Dat zat zo. Ik was dus bij die havenpolitie. U moet zich goed voorstellen: die jongen, met niet te veel kin en wat pluizen op de lip en een grote pet, die koper poetste met de grote titel en die verhaaltjes schreef. Die korte-golf-verhalen werden gelezen door de direkteuren van de vereniging die toen in de Stadsschouwburg zat. Die direkteuren wilden een Duits stuk opvoeren, De drie appelbomen, en daarvoor wilden ze het advies hebben van een zeeman, die hun kon vertellen hoe mensen zich op een schip in zee gedroegen en hoe ze in de havenbuurten rondliepen. En dan dachten ze: ‘Laten we eens kijken of we daar geen expert kunnen voor vinden. Laten we die zeeman nemen die aldoor in Het Handelsblad schrijft. Toen hebben ze dus een briefje gestuurd naar Het Handelsblad om te vragen of de heer F.R. Eckmar [pseudoniem van De Hartog], de kapitein F.R. Eckmar, hoogedelgeboren heer dan nog, of die eens even wou komen kijken.
Toen ging ik kijken met die pet in de Stadsschouwburg en zeg aan de portier van de artiesteningang: ‘Ik wou de direktie spreken.’ Zegt de portier: ‘De direktie? De gasmeter staat achterin, hoor!’ Hij dacht dat ik gas wou opnemen.
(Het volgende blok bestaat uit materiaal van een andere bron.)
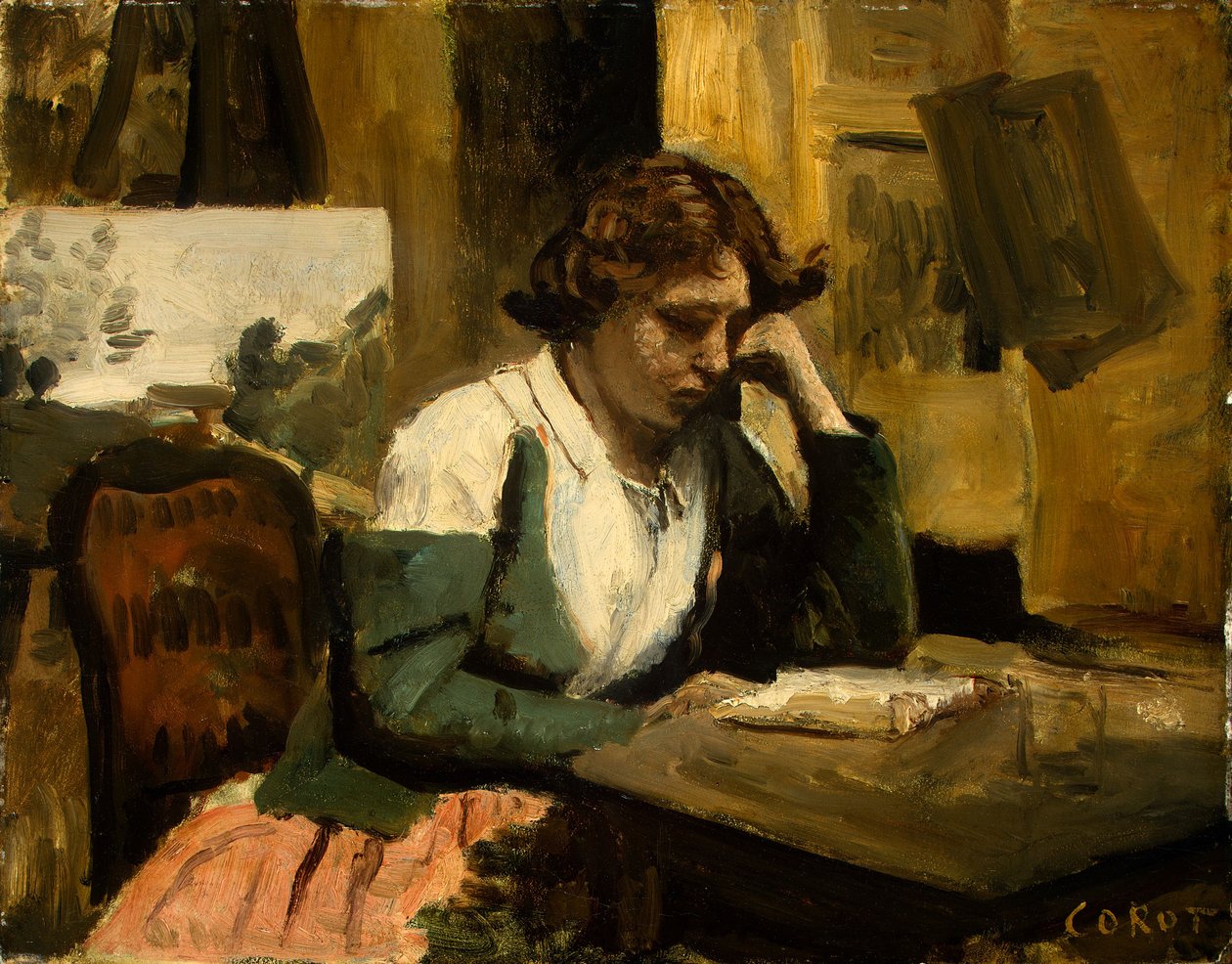 Ung jente som leser av Jean Baptiste Camille Corot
Toen ben ik toch toegelaten tot de direktie. Die verwachtte een bonk van een zeeman en zag daar een jongen met de pet binnenkomen. Ze werd dan toch royaal: als er dan niets anders is, laten we hem proberen. Dat is daarop uitgelopen dat ik hen niet alleen geadviseerd heb, maar ik ben nog gaan staan op het toneel ook, omdat ik zo aan de bemanning beter het goede voorbeeld kon geven.
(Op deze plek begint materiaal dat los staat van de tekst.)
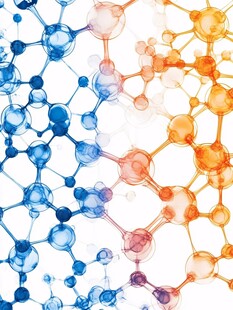 多彩分子结构图案展示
Ik ben daar een Finse straatzanger gaan doen. Ik sprak geen Fins maar ik heb een Fins lied gemaakt, hoor! O ja, op het thema van Dvoráks Nieuwe wereld en nog iets er bij. Ik ken het zelfs misschien nog. Wacht even. Het zal niet meer gaan, geloof ik. ‘Halle medalle’ kwam erin voor. Dat was nou niet wat je noemt Fins, maar iedereen geloofde erin. Het tragische stuk had een zeer slechte kritiek maar verder schreven ze in de krant over die goeie Finse straatzanger, over die jongen die interessante Finse liedjes zong en ze vroegen: ‘Waarom staat zijn naam niet in het programma?’ Die stond er niet bij omdat de Finse zanger geen heibel wou met de havenmeester. Zo gauw ik klaar was met zingen, sprong ik meteen de fiets op en dan ging het zo vlug mogelijk terug naar de haven. Trouwens, als ik op het toneel kwam, plakte ik me telkens een extra grote snor aan om niet herkend te worden.

 

Het was toch een aanmoediging. Hebt u nog meer toneel gespeeld?

 

Jazeker. Ik ben ten slotte bij de havenpolitie weggegaan en werd vrijwilliger voor regie en dramaturgie bij het Amsterdams Toneel. Dat was precies hetzelfde als mijn funktie van adjunkt-inspekteur voor smokkelaffaires. Ik kreeg ook tien gulden in de maand en had ook niets nuttigs te doen. Maar ik zag toen ineens een grote carrière als akteur. Maar dat is ook weer niet meegevallen.
Het is toen eens gebeurd dat ik Georgette Hagedoorn, die een grote vriendin van me is geworden, moest vervangen. Georgette speelde toen in Cirkus Knie en voor een opvoering in Zierikzee ging dat niet meer. Ze speelde de rol van een boerenjongetje en tegelijkertijd verwachtte ze een baby en dat was het reglement: een boerenjongetje, dat ook een baby verwachtte, nou dat kon niet meer he. Er moest toen maar iemand anders worden gevonden en ze hebben mij dan maar genomen. Ik was natuurlijk ietwat groter en had bovendien dat dikke hoofd en met dat alles moest ik een boerenjongetje van een jaar of elf zijn. Ik heb al de tederheid van mijn ziel in die rol gelegd, ik heb mijn gezicht wat bijgewerkt met sproeten en een beetje blond haar en ik heb dan gespeeld, gespeeld met de gedachte: ‘Al die mensen kruipen snikkend de zaal uit.’ Daar kwam de volgende dag dan het verslag in de krant en daar stond geschreven: ‘De heer J. de Hartog treedt op als de dorpsidioot.’ Dat is dan eigenlijk wel het einde geweest van mijn carrière als toneelspeler."

 

Fragment van het interview Ten huize van 4,  Joos Florquin, Davidsfonds, Leuven 1968.